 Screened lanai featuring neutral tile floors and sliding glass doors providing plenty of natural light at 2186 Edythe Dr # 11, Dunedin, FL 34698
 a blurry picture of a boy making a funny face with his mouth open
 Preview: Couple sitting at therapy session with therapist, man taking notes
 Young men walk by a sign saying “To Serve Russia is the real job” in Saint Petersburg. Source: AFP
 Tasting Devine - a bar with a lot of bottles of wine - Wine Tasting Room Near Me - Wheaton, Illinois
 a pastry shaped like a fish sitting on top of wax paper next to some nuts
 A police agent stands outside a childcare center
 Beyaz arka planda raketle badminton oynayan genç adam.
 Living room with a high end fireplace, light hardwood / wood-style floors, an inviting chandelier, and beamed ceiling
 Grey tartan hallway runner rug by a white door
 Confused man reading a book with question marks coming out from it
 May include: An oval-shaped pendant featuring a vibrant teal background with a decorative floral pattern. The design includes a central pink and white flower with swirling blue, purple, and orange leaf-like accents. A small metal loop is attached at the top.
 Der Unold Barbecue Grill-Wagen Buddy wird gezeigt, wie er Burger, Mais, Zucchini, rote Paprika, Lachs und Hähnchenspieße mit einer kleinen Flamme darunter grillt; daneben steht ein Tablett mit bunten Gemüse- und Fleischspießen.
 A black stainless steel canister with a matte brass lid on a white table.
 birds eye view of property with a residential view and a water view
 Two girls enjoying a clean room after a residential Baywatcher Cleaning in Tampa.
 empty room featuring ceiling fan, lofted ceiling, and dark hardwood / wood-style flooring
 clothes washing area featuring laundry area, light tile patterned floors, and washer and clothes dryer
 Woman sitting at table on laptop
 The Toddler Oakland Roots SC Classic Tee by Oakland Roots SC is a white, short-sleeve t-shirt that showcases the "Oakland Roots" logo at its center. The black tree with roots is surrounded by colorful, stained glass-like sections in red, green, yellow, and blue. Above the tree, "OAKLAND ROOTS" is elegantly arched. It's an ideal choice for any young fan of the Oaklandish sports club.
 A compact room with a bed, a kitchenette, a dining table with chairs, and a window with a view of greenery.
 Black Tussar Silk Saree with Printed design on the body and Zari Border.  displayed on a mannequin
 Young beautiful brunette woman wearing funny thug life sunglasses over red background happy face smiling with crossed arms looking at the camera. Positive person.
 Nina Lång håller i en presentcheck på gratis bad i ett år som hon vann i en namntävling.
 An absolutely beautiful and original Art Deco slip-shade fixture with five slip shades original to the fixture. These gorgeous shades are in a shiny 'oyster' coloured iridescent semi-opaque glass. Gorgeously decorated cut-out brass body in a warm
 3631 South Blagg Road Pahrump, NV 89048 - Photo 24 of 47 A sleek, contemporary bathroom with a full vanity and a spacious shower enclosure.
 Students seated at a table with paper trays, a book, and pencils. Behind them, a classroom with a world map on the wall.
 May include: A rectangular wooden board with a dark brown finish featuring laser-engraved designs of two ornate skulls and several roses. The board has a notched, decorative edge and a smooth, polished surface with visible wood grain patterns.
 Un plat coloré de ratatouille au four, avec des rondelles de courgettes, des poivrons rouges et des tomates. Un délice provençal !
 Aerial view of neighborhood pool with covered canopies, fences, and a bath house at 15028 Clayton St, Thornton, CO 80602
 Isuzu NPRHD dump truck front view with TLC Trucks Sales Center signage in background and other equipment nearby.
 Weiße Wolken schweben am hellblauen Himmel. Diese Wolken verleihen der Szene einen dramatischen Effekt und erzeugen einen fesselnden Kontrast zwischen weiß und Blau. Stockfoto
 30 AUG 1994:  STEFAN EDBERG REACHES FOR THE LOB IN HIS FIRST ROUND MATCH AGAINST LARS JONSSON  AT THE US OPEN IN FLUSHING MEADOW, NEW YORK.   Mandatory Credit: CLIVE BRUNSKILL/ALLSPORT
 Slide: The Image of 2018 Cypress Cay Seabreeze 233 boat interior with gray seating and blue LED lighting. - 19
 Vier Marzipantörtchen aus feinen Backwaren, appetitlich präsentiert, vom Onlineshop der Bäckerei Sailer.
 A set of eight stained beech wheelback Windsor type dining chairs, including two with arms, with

⁂

**Assignment**
Your answer should be the lines above from the one containing "A police agent" through the one containing "Black Tussar Silk", copied exactly and with both ends kept.

**Solution**
 A police agent stands outside a childcare center
 Beyaz arka planda raketle badminton oynayan genç adam.
 Living room with a high end fireplace, light hardwood / wood-style floors, an inviting chandelier, and beamed ceiling
 Grey tartan hallway runner rug by a white door
 Confused man reading a book with question marks coming out from it
 May include: An oval-shaped pendant featuring a vibrant teal background with a decorative floral pattern. The design includes a central pink and white flower with swirling blue, purple, and orange leaf-like accents. A small metal loop is attached at the top.
 Der Unold Barbecue Grill-Wagen Buddy wird gezeigt, wie er Burger, Mais, Zucchini, rote Paprika, Lachs und Hähnchenspieße mit einer kleinen Flamme darunter grillt; daneben steht ein Tablett mit bunten Gemüse- und Fleischspießen.
 A black stainless steel canister with a matte brass lid on a white table.
 birds eye view of property with a residential view and a water view
 Two girls enjoying a clean room after a residential Baywatcher Cleaning in Tampa.
 empty room featuring ceiling fan, lofted ceiling, and dark hardwood / wood-style flooring
 clothes washing area featuring laundry area, light tile patterned floors, and washer and clothes dryer
 Woman sitting at table on laptop
 The Toddler Oakland Roots SC Classic Tee by Oakland Roots SC is a white, short-sleeve t-shirt that showcases the "Oakland Roots" logo at its center. The black tree with roots is surrounded by colorful, stained glass-like sections in red, green, yellow, and blue. Above the tree, "OAKLAND ROOTS" is elegantly arched. It's an ideal choice for any young fan of the Oaklandish sports club.
 A compact room with a bed, a kitchenette, a dining table with chairs, and a window with a view of greenery.
 Black Tussar Silk Saree with Printed design on the body and Zari Border.  displayed on a mannequin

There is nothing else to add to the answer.